PDF text extract with Python3.4

3k views Asked by At

The texts in the pdf files are text formats, not scanned. PDFMiner does not support python3, is there any other solutions?

3

There are 3 answers

0
DmcG On

There is also the pdfminer2 fork, supported for python 3.4, which available through pip3. https://github.com/metachris/pdfminer

This thread helped me patch something together.

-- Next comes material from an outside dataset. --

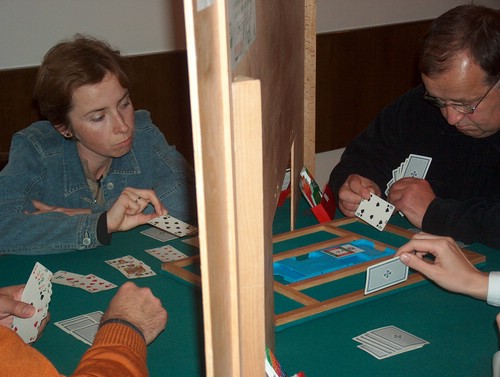 HPIM4090.JPG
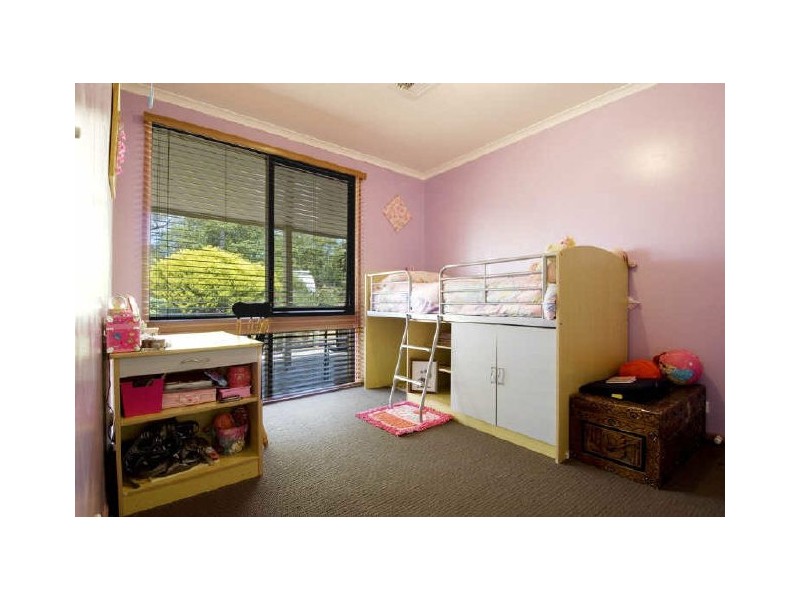 27 Rogers Street, Fraser ACT 2615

from urllib.request import urlopen
from pdfminer.pdfinterp import PDFResourceManager, PDFPageInterpreter
from pdfminer.converter import TextConverter
from pdfminer.layout import LAParams
from pdfminer.pdfpage import PDFPage
from io import StringIO, BytesIO

def readPDF(pdfFile):
    rsrcmgr = PDFResourceManager()
    retstr = StringIO()
    codec = 'utf-8'
    laparams = LAParams()
    device = TextConverter(rsrcmgr, retstr, codec=codec, laparams=laparams)

    interpreter = PDFPageInterpreter(rsrcmgr, device)
    password = ""
    maxpages = 0
    caching = True
    pagenos=set()
    for page in PDFPage.get_pages(pdfFile, pagenos, maxpages=maxpages, password=password,caching=caching, check_extractable=True):
        interpreter.process_page(page)

    device.close()
    textstr = retstr.getvalue()
    retstr.close()
    return textstr

if __name__ == "__main__":
    #scrape = open("../warandpeace/chapter1.pdf", 'rb') # for local files
    scrape = urlopen("http://pythonscraping.com/pages/warandpeace/chapter1.pdf") # for external files
    pdfFile = BytesIO(scrape.read())
    outputString = readPDF(pdfFile)
    print(outputString)
    pdfFile.close()    
0
Shruti Agrawal On

For python3, you can download pdfminer as:

python -m pip install pdfminer.six

0
Siddharth Das On

tika worked the best for me. It won't be wrong if I say it's better than PyPDF2 and pdfminer This made it really easy to extract each line in the pdf into a list. You can install it by pip install tika And, use the code below:

from tika import parser
rawText = parser.from_file(path_to_pdf)
rawList = rawText['content'].splitlines()
print(rawList)